EXERCISE REQUIREMENTS:
From the listing below, retype exactly the line holding "Elegant Attire Club", the line holding "Tree of Life", and the lines between them; skip everything else.

SUPPLIED ENTRIES:
———

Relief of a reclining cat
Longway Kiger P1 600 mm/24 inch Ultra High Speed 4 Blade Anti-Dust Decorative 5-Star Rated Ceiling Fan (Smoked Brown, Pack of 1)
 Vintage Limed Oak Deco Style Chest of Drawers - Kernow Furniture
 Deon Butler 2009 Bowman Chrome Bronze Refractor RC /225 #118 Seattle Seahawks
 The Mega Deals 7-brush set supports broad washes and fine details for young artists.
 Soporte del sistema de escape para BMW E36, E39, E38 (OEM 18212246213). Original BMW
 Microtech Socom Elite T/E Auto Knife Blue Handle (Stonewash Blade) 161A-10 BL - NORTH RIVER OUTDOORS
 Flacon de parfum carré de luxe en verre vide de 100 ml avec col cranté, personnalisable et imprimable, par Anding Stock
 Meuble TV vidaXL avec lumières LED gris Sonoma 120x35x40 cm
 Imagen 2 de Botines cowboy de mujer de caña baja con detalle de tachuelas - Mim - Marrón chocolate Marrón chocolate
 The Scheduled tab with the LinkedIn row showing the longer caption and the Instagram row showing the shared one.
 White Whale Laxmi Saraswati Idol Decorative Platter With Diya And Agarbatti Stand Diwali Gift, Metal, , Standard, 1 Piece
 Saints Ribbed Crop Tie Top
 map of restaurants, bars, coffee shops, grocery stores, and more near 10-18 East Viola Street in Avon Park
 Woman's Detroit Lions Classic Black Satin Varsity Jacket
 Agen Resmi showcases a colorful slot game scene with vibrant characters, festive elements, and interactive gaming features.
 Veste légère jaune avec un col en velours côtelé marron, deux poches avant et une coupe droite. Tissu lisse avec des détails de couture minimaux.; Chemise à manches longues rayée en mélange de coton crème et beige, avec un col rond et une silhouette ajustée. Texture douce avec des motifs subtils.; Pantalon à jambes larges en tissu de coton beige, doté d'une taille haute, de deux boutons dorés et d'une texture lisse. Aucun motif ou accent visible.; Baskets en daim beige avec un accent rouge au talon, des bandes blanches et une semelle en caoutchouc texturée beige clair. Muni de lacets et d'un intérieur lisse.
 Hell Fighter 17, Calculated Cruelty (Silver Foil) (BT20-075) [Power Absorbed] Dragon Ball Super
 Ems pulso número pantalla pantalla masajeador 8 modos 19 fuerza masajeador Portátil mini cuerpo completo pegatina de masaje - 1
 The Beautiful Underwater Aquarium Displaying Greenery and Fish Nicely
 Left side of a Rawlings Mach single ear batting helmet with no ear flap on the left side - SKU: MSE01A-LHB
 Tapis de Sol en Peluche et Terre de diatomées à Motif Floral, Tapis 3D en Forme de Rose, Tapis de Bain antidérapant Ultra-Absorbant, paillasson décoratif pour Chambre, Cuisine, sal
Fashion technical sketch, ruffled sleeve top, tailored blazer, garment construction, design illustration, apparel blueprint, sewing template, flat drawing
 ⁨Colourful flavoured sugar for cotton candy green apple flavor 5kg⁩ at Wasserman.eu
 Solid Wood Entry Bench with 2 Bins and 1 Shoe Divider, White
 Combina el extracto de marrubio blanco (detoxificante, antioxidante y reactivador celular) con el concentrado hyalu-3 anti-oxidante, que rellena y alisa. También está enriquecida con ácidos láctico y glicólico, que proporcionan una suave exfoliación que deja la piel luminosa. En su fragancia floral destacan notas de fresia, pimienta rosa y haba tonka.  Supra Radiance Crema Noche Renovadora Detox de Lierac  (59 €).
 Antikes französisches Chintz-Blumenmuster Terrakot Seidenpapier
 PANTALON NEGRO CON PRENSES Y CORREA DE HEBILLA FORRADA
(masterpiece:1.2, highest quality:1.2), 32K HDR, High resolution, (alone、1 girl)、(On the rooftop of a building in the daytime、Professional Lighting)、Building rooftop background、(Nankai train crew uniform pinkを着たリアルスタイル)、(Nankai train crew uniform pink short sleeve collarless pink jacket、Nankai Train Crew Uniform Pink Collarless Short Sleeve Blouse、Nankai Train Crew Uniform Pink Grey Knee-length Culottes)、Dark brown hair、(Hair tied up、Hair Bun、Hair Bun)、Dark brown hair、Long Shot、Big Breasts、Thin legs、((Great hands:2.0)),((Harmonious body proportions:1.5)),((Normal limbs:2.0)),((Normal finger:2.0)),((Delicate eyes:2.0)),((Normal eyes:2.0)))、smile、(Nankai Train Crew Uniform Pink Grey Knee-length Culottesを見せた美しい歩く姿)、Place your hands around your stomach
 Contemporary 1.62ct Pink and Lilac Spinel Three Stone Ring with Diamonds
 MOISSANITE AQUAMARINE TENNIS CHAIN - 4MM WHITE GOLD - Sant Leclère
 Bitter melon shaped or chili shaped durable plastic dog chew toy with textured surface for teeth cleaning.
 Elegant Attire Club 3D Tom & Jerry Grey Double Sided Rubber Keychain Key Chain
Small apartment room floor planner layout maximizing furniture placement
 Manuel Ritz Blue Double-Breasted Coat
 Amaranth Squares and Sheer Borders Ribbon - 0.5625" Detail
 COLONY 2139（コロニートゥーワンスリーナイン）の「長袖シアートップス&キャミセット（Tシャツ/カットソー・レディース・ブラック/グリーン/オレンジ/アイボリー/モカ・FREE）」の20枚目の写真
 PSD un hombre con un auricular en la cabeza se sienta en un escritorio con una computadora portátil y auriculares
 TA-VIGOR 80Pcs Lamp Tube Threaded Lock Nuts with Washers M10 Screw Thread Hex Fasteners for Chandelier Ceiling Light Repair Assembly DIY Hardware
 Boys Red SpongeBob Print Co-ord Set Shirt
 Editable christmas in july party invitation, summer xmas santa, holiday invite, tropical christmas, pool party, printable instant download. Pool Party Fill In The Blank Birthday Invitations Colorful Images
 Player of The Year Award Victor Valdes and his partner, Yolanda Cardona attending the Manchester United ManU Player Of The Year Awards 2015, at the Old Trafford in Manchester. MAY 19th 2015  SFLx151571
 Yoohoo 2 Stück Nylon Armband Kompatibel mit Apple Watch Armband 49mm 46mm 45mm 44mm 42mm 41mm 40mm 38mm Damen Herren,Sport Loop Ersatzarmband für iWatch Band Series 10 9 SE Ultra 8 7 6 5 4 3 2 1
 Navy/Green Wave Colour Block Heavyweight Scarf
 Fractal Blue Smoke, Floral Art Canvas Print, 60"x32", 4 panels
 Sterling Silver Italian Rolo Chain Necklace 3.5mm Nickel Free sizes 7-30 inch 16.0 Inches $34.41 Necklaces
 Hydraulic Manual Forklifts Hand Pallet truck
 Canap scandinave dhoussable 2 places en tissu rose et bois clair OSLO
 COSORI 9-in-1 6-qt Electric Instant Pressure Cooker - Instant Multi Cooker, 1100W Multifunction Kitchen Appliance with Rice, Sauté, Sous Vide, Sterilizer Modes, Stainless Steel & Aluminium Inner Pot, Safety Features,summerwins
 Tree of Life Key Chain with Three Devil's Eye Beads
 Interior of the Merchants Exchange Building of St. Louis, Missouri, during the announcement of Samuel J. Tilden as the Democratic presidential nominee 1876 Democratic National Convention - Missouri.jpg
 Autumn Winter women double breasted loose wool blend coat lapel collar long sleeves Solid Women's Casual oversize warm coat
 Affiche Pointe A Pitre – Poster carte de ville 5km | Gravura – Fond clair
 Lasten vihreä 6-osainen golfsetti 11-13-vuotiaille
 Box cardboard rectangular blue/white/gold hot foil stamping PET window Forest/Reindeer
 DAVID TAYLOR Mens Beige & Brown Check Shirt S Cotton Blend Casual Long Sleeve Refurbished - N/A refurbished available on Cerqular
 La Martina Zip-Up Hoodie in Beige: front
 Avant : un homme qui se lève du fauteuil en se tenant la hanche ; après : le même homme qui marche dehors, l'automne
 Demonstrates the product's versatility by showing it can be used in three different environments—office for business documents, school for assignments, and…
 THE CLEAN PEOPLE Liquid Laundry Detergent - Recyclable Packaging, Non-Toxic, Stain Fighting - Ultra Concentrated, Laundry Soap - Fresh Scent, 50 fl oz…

———

ANSWER SECTION:
 Elegant Attire Club 3D Tom & Jerry Grey Double Sided Rubber Keychain Key Chain
Small apartment room floor planner layout maximizing furniture placement
 Manuel Ritz Blue Double-Breasted Coat
 Amaranth Squares and Sheer Borders Ribbon - 0.5625" Detail
 COLONY 2139（コロニートゥーワンスリーナイン）の「長袖シアートップス&キャミセット（Tシャツ/カットソー・レディース・ブラック/グリーン/オレンジ/アイボリー/モカ・FREE）」の20枚目の写真
 PSD un hombre con un auricular en la cabeza se sienta en un escritorio con una computadora portátil y auriculares
 TA-VIGOR 80Pcs Lamp Tube Threaded Lock Nuts with Washers M10 Screw Thread Hex Fasteners for Chandelier Ceiling Light Repair Assembly DIY Hardware
 Boys Red SpongeBob Print Co-ord Set Shirt
 Editable christmas in july party invitation, summer xmas santa, holiday invite, tropical christmas, pool party, printable instant download. Pool Party Fill In The Blank Birthday Invitations Colorful Images
 Player of The Year Award Victor Valdes and his partner, Yolanda Cardona attending the Manchester United ManU Player Of The Year Awards 2015, at the Old Trafford in Manchester. MAY 19th 2015  SFLx151571
 Yoohoo 2 Stück Nylon Armband Kompatibel mit Apple Watch Armband 49mm 46mm 45mm 44mm 42mm 41mm 40mm 38mm Damen Herren,Sport Loop Ersatzarmband für iWatch Band Series 10 9 SE Ultra 8 7 6 5 4 3 2 1
 Navy/Green Wave Colour Block Heavyweight Scarf
 Fractal Blue Smoke, Floral Art Canvas Print, 60"x32", 4 panels
 Sterling Silver Italian Rolo Chain Necklace 3.5mm Nickel Free sizes 7-30 inch 16.0 Inches $34.41 Necklaces
 Hydraulic Manual Forklifts Hand Pallet truck
 Canap scandinave dhoussable 2 places en tissu rose et bois clair OSLO
 COSORI 9-in-1 6-qt Electric Instant Pressure Cooker - Instant Multi Cooker, 1100W Multifunction Kitchen Appliance with Rice, Sauté, Sous Vide, Sterilizer Modes, Stainless Steel & Aluminium Inner Pot, Safety Features,summerwins
 Tree of Life Key Chain with Three Devil's Eye Beads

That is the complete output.